In my last blog post, Multi-sensor Data Fusion, I talked about the parts of a multi-sensor data fusion system and their roles. Using an admittedly over-simplistic example, I described how using different sources to add more information to the decision process can help make better and more precise decisions. In this post, I look at implementing these systems in a general way by examining two types of architecture and identifying their main strengths and weaknesses.
Multi-sensor systems can be divided into two types: centralized and distributed.
Figure 1: Centralized system architecture
Because each sensor is physically attached to the central processing unit, all the data streams from the sensors are received in parallel, making it easy to correlate the absolute time correspondence of the information. The ability to measure and compensate for the delay between each sensor’s information streams makes them easy to correlate during the data fusion stage.
Another strength is that the central processing unit can control each sensor. This means that it can quickly adjust sensor parameters in reaction to an event as well as detect any defects.
In a centralized system, the processing unit is often responsible for processing the data generated by every sensor in addition to performing the fusion of all the information and making decisions. This can result in a considerable processing load.

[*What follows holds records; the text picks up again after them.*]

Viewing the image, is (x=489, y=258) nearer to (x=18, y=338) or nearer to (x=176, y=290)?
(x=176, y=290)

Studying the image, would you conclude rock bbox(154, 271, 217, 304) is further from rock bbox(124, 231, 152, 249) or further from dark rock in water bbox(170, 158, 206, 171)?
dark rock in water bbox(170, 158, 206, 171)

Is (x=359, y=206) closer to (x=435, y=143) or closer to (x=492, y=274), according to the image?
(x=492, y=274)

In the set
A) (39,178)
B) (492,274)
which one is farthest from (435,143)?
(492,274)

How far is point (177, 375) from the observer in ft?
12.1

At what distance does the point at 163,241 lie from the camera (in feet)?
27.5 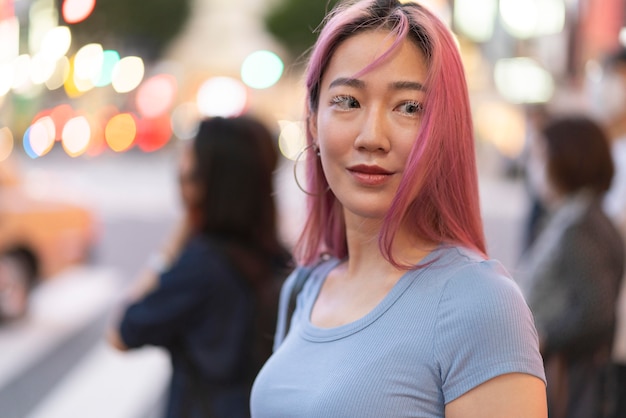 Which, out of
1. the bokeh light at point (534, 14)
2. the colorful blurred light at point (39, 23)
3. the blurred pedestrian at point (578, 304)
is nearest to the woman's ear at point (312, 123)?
the blurred pedestrian at point (578, 304)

Centralized systems can typically only be used to cover relatively small areas. The fact that all the sensors are physically attached to the central processing unit implies proximity between them and the processor.
Figure 2: Distributed system architecture
Distributed systems can usually cover larger areas than their centralized counterparts, and the link between the sensors and the central processing unit can easily be adapted to the environment in which the system will be deployed.
Data processing directly performed on the sensors also helps to lighten the processing load on the central processing unit.
Distributed systems are usually more complex than centralized ones.
The data fusion on distributed systems must take into account that some data can be lost during communication with the remote sensors.
Also, the system must deal with the following problems related to the communication between the sensors and the central processing unit:
- A larger part of the data fusion process must be used to correlate the data of the different sensors in time since unpredictable time delays can occur.
- Data streams from one or more sensors can sometimes be received out of sequence.
In both approaches, the data fusion takes place on a central processing unit. There are other multi-sensor data fusion system architectures as well (for example, some “decentralized” systems implement partial data fusion centers at different nodes of the system). No system is the same and it is important to take into account every detail of the problem to solve before implementing such a system.